Typical of this war between attacker and defender has been the Blackhole exploit kit. Blackhole is the endpoint of a drive-by attack centered on the user’s browser. Victims are lured to a compromised or malicious site where Blackhole seeks to use any one of an arsenal of exploits to install its malware, anything “from fake antivirus and ransomware to Zeus and the infamous TDSS and ZeroAccess rootkits.”
The good guys have responded by improving the security of the underlying operating system and the browser. “The ready availability of DEP, ASLR, sandboxing, more restricted mobile platforms and new trusted boot mechanisms (among others) made exploitation more challenging,” notes James Lyne, the Sophos director of technology strategy. “While we’re not expecting exploits to simply disappear, we could see this decrease in vulnerability exploits offset by a sharp rise in social engineering attacks across a wide array of platforms,” he predicts for 2013.
Much of the malware delivered by Blackhole is polymorphic. Put simplistically this just means that it changes its characteristics to avoid detection by the AV detection engines. This is not new. Originally the ‘mutation engine’ had to be included with the malware, allowing the AV companies to capture the engine and become adept at predicting or following the mutations. What is new is the criminals’ use of the cloud to develop server side polymorphism (SSP). The mutation engine is now held on a remote server in the cloud and used via the web; meaning that the AV companies rarely see it and have difficulty in predicting and following the mutations to the malware.
Sophos has responded by developing its own form of genetic technology. “Using a finely tuned scoring system reflecting all the malware we’ve ever collected,” it explains, “we can identify combinations of genes (genotypes) that distinguish malware from legitimate code. We can compare this information with genes seen in known good files, minimizing false positives,” while detecting likely malware that it has never seen before.
Of course the malware authors have also responded. “Sophisticated malware authors are constantly attempting to determine which portions of their code are being detected,” notes Sophos. “We’ve seen attackers modify and replace compromised code within hours. Of course, we’re also working non-stop to anticipate and respond.”

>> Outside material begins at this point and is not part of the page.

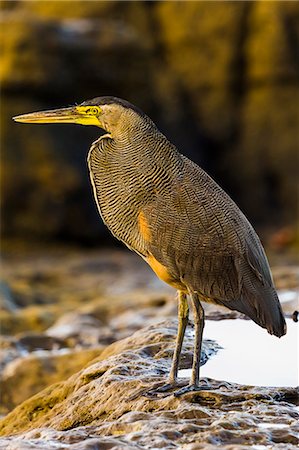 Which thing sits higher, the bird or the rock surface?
the bird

It is this continuous back and forth experience between the good guys and the bad guys that provides the basis for the Sophos predictions for 2013. Although it notes that exploitation is becoming more difficult, it expects toolkits such as Blackhole to respond by becoming evermore sophisticated. “In the coming year we will likely see a continued evolution in the maturation of these kits replete with premium features that appear to make access to high quality malicious code even simpler and comprehensive,” warns Lyne.

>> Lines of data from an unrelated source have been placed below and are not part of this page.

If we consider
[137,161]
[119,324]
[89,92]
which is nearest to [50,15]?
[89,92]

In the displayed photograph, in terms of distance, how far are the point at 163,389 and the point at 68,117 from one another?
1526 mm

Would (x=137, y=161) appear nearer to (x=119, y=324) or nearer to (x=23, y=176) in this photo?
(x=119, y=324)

Sophos also sees an increase in ransomware, which encrypts the users’ data and holds it for ransom. “The availability of public key cryptography and clever command and control mechanisms has made it exceptionally hard, if not impossible to reverse the damage,” says Lyne. “Over the coming year we expect to see more attacks...”

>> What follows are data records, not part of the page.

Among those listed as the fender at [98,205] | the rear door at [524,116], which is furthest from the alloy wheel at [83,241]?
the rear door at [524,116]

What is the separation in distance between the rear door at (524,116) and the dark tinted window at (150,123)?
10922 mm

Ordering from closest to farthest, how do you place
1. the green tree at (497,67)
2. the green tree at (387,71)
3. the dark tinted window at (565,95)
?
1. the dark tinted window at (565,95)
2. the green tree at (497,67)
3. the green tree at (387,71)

His final warning he labels ‘integration, privacy and security challenges.’ It arises largely because of the growth of mobile devices and social networking. 2012 has already seen the beginnings of mobile malware evolving from ‘simple’ premium call malware to more sophisticated bank fraud; but the integration of social media and new technologies will increase opportunities for the bad guys. “New technologies – like near field communication (NFC) being integrated into these platforms – and increasingly creative use of GPS to connect our digital and physical lives means that there are new opportunities for cybercriminals to compromise our security or privacy.” This, he warns, is a trend “identifiable not just for mobile devices, but computing in general. In the coming year watch for new examples of attacks built on these technologies.”